**** Provided records ****
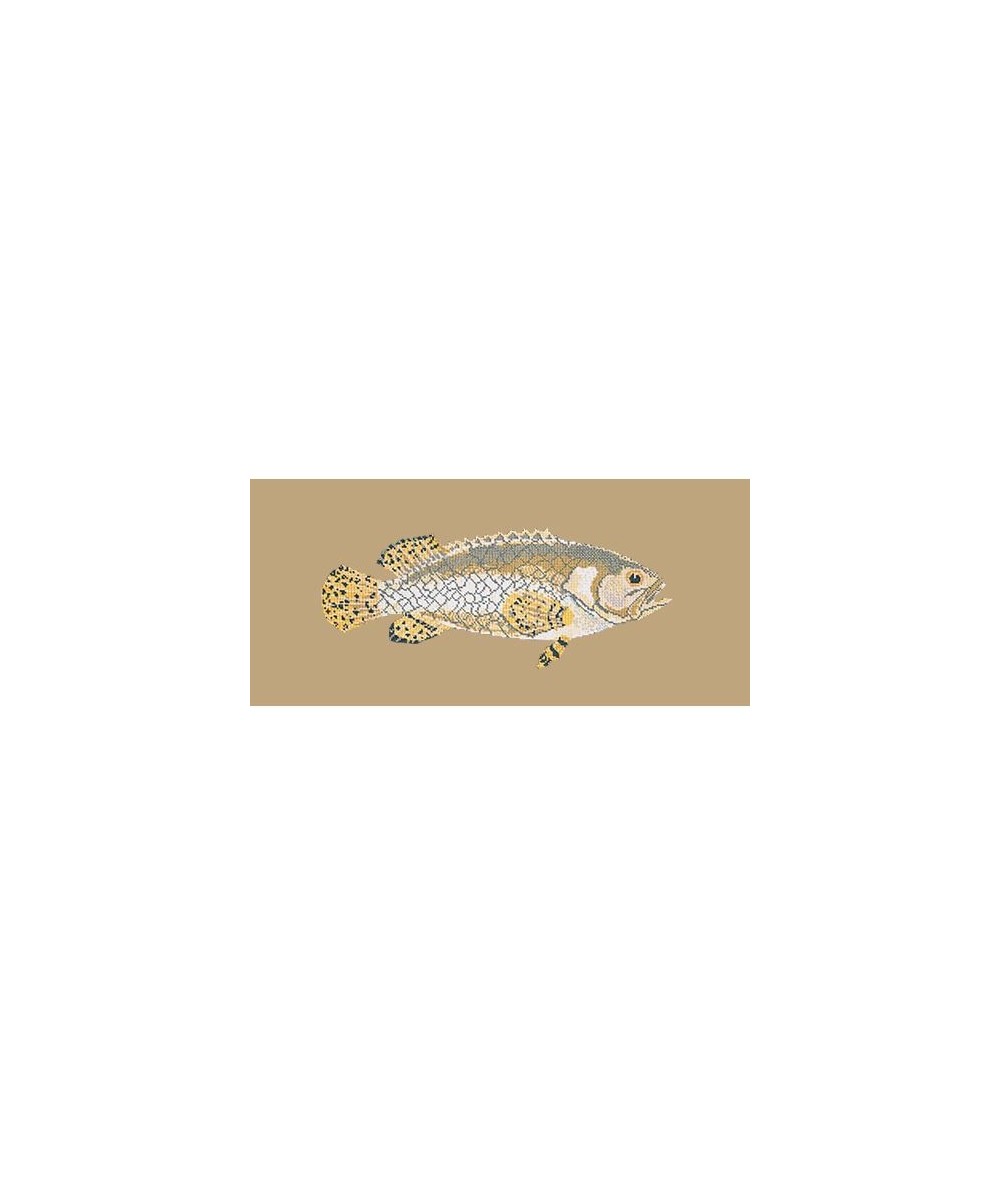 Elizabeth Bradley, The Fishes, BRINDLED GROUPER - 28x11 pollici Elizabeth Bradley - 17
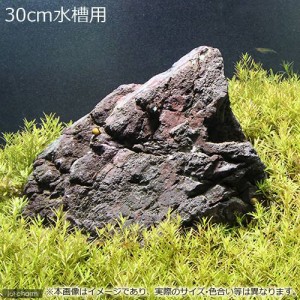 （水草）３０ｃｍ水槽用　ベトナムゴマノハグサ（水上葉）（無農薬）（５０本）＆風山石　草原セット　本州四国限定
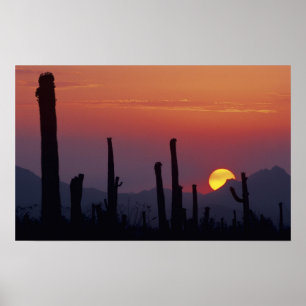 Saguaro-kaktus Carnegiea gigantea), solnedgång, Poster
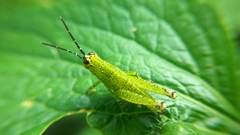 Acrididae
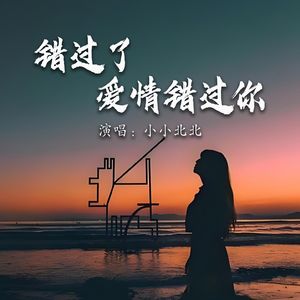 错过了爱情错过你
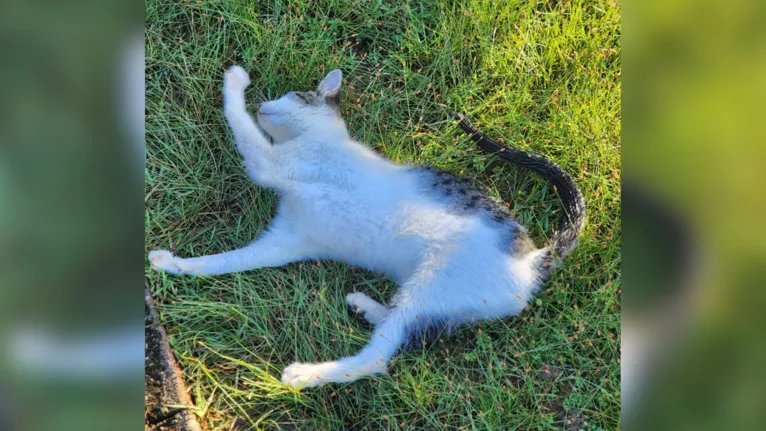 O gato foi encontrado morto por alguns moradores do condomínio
****
**** Provided records ****
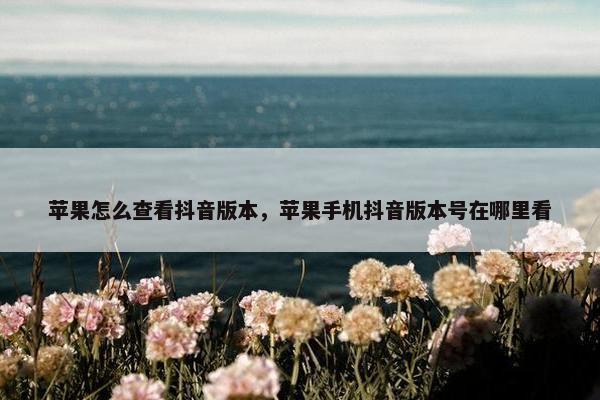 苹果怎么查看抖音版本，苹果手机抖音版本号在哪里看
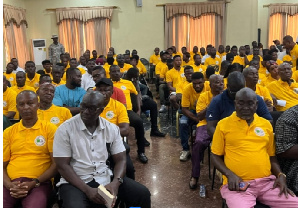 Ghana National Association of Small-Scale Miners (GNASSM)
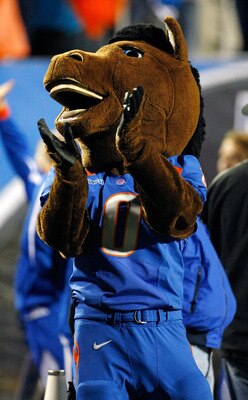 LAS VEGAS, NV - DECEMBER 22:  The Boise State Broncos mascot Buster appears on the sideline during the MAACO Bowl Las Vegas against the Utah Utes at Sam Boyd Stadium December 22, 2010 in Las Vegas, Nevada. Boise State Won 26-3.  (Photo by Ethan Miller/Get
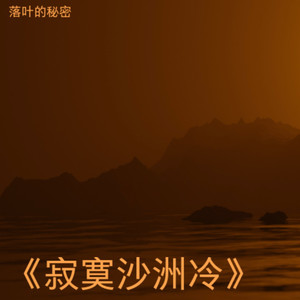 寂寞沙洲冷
****
## What is needed:
All that is wanted is the lines above between the one containing "Elizabeth Bradley, The" and the one containing "O gato foi encontrado", inclusive, restated word for word, with pictures omitted.

## Completed task:
 Elizabeth Bradley, The Fishes, BRINDLED GROUPER - 28x11 pollici Elizabeth Bradley - 17
 （水草）３０ｃｍ水槽用　ベトナムゴマノハグサ（水上葉）（無農薬）（５０本）＆風山石　草原セット　本州四国限定
 Saguaro-kaktus Carnegiea gigantea), solnedgång, Poster
 Acrididae
 错过了爱情错过你
 O gato foi encontrado morto por alguns moradores do condomínio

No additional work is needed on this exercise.